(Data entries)
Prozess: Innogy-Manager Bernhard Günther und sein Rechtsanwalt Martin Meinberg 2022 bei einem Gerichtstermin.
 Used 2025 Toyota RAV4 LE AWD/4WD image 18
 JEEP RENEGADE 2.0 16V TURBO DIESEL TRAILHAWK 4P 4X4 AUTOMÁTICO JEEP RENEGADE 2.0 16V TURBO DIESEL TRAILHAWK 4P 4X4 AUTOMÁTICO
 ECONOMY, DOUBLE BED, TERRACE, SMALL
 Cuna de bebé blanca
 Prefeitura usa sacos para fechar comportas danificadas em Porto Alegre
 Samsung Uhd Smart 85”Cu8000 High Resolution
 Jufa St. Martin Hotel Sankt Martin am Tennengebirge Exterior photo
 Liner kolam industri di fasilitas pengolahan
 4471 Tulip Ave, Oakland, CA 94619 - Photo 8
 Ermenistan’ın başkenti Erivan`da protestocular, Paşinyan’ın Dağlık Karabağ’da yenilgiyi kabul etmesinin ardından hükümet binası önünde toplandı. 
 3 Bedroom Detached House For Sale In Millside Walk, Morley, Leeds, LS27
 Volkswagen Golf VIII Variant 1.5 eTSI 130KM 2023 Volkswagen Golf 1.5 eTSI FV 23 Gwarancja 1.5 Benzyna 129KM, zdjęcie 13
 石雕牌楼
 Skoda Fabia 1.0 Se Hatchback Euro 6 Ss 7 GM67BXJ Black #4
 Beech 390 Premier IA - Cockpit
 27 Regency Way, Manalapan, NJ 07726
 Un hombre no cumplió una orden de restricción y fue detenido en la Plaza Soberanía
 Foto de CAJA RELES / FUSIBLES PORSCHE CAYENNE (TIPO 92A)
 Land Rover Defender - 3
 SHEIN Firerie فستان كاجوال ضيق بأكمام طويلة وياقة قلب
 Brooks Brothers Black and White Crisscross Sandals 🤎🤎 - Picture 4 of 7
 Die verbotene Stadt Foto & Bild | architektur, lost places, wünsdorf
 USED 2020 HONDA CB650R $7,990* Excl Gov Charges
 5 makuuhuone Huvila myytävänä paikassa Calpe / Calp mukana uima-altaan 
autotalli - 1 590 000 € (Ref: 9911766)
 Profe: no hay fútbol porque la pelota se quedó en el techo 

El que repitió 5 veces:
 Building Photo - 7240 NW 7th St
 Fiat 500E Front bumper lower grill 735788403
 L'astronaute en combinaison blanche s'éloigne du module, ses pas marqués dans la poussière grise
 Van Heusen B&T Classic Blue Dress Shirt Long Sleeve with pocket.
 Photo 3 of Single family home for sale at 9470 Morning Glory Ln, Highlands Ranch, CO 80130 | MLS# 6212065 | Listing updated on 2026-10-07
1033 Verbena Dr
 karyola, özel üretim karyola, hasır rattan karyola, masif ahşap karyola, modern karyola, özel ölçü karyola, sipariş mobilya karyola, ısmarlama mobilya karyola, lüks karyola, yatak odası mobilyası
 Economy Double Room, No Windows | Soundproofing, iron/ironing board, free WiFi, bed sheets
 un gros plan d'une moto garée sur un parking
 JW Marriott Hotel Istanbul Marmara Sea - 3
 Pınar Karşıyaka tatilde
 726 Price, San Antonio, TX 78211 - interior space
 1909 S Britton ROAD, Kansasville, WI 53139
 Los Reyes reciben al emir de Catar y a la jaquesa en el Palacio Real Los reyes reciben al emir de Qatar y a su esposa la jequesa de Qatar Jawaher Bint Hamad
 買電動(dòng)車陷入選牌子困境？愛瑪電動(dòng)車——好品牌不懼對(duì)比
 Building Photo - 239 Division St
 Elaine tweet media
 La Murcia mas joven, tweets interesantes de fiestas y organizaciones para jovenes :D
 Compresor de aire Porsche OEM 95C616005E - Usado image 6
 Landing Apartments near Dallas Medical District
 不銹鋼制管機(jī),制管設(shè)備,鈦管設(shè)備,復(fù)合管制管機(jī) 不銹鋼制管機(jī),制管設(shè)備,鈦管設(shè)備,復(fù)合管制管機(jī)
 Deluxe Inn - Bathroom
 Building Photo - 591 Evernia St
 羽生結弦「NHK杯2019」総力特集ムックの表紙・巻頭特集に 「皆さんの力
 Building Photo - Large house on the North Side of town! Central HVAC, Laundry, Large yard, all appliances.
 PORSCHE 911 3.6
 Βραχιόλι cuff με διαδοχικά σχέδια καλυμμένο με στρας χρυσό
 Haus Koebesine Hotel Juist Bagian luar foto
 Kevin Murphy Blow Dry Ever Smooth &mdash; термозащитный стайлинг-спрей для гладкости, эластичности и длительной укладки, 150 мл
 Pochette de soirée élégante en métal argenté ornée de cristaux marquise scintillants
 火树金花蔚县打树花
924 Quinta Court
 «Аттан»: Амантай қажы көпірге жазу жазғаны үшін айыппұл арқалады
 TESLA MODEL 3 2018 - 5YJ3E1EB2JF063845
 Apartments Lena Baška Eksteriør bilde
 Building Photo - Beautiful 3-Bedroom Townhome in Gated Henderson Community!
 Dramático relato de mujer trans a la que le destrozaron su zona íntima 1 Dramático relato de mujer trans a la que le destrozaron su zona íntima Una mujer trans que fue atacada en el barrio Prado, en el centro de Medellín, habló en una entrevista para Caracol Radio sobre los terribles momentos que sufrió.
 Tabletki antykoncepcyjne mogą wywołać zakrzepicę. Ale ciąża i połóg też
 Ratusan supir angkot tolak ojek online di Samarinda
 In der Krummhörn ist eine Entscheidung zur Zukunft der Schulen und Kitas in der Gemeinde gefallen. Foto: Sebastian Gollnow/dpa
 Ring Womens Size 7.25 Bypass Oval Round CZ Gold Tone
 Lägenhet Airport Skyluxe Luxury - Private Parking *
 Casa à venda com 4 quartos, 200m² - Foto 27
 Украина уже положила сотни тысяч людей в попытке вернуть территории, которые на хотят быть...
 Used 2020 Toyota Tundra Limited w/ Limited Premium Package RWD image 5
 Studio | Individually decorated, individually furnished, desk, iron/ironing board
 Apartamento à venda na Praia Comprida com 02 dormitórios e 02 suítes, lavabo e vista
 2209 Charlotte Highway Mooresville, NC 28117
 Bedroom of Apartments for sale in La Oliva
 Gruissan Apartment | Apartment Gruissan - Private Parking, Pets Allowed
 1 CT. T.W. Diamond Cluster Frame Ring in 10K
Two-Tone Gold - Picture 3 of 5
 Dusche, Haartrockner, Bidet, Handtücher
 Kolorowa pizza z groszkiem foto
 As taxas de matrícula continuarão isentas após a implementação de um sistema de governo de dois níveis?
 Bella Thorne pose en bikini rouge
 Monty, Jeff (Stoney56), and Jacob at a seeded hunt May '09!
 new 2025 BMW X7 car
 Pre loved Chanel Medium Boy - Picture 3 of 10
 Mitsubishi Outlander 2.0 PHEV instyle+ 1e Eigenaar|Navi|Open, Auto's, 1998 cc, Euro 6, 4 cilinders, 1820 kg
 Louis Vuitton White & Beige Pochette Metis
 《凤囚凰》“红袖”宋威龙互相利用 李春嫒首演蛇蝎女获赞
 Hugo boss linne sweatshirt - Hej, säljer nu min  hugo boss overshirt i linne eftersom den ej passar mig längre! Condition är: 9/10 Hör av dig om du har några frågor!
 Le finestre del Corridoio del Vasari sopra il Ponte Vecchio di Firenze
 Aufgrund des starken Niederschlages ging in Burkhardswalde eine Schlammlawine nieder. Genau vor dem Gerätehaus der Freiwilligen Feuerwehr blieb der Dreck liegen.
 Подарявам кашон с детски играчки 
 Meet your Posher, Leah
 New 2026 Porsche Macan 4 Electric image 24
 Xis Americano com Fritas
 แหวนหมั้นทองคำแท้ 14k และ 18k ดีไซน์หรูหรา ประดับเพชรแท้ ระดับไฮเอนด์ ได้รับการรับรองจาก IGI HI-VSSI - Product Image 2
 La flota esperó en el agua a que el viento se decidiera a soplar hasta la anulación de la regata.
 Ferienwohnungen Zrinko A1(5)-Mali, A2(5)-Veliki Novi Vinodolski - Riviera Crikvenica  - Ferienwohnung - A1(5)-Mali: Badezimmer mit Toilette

(Goal of the exercise):
From the records above, transcribe exactly the run of lines that opens with the line holding "Volkswagen Golf VIII" and closes with the line holding "Un hombre no", both included.

(Task solution):
 Volkswagen Golf VIII Variant 1.5 eTSI 130KM 2023 Volkswagen Golf 1.5 eTSI FV 23 Gwarancja 1.5 Benzyna 129KM, zdjęcie 13
 石雕牌楼
 Skoda Fabia 1.0 Se Hatchback Euro 6 Ss 7 GM67BXJ Black #4
 Beech 390 Premier IA - Cockpit
 27 Regency Way, Manalapan, NJ 07726
 Un hombre no cumplió una orden de restricción y fue detenido en la Plaza Soberanía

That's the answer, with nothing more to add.